WORK REQUEST: Leave every picture out, then reproduce the rest of the listing exactly.

SUPPLIED DATA:
%%

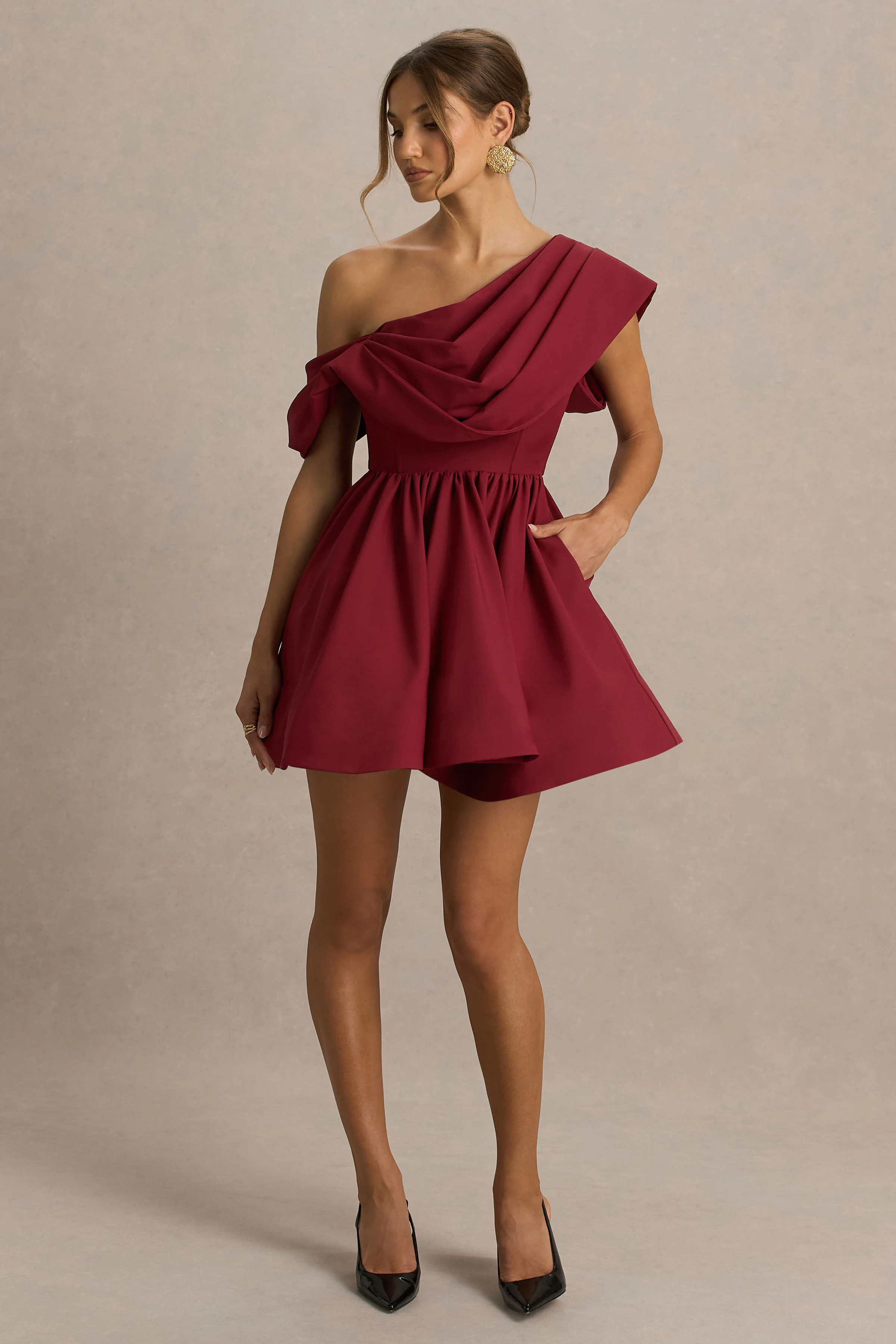 Verona | Mini-robe patineuse bordeaux à encolure asymétrique drapée - Image 5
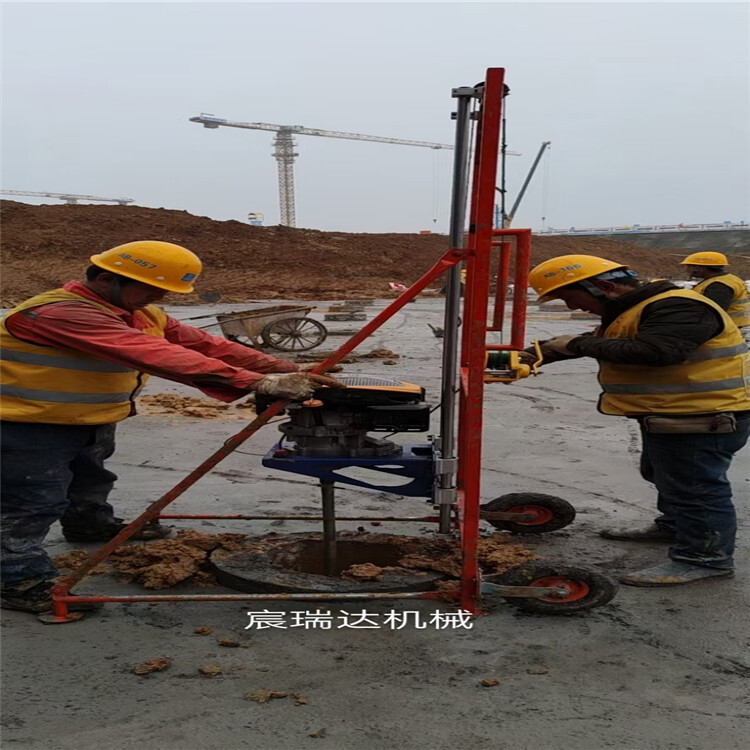 Pumping of earth-filled construction sites and digging of tube mud tools, electric and manual piping of helix machines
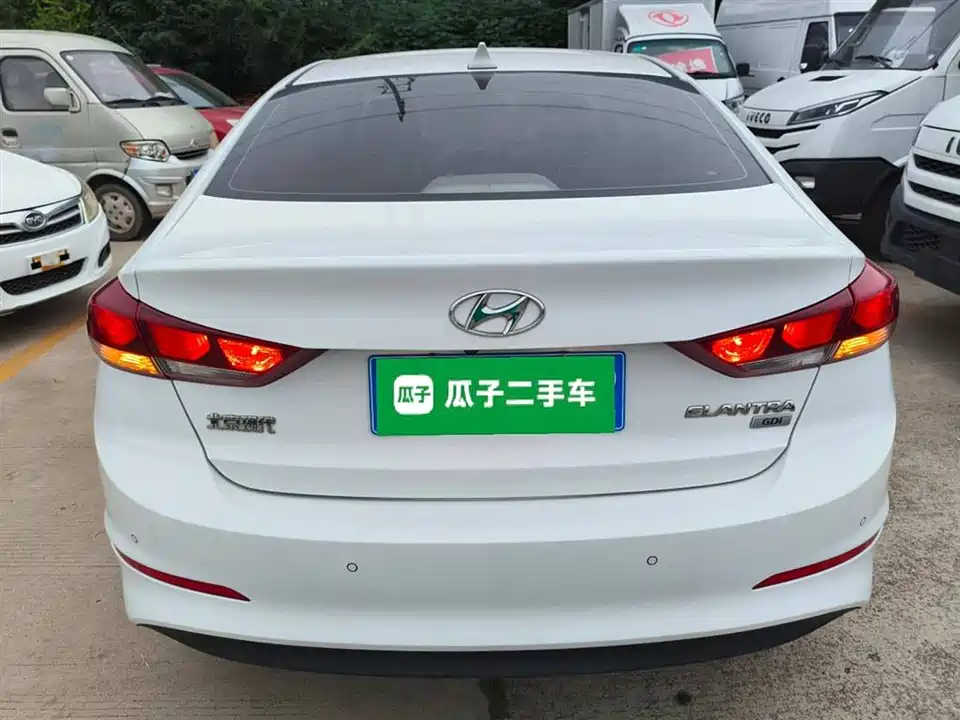 Hyundai Lead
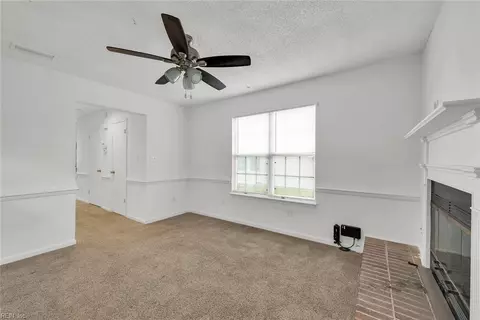 524 Hollomon Dr, Hampton, VA 23666 photo 11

%%

RESPONSE TO THIS EXERCISE:
 Verona | Mini-robe patineuse bordeaux à encolure asymétrique drapée - Image 5
 Pumping of earth-filled construction sites and digging of tube mud tools, electric and manual piping of helix machines
 Hyundai Lead
 524 Hollomon Dr, Hampton, VA 23666 photo 11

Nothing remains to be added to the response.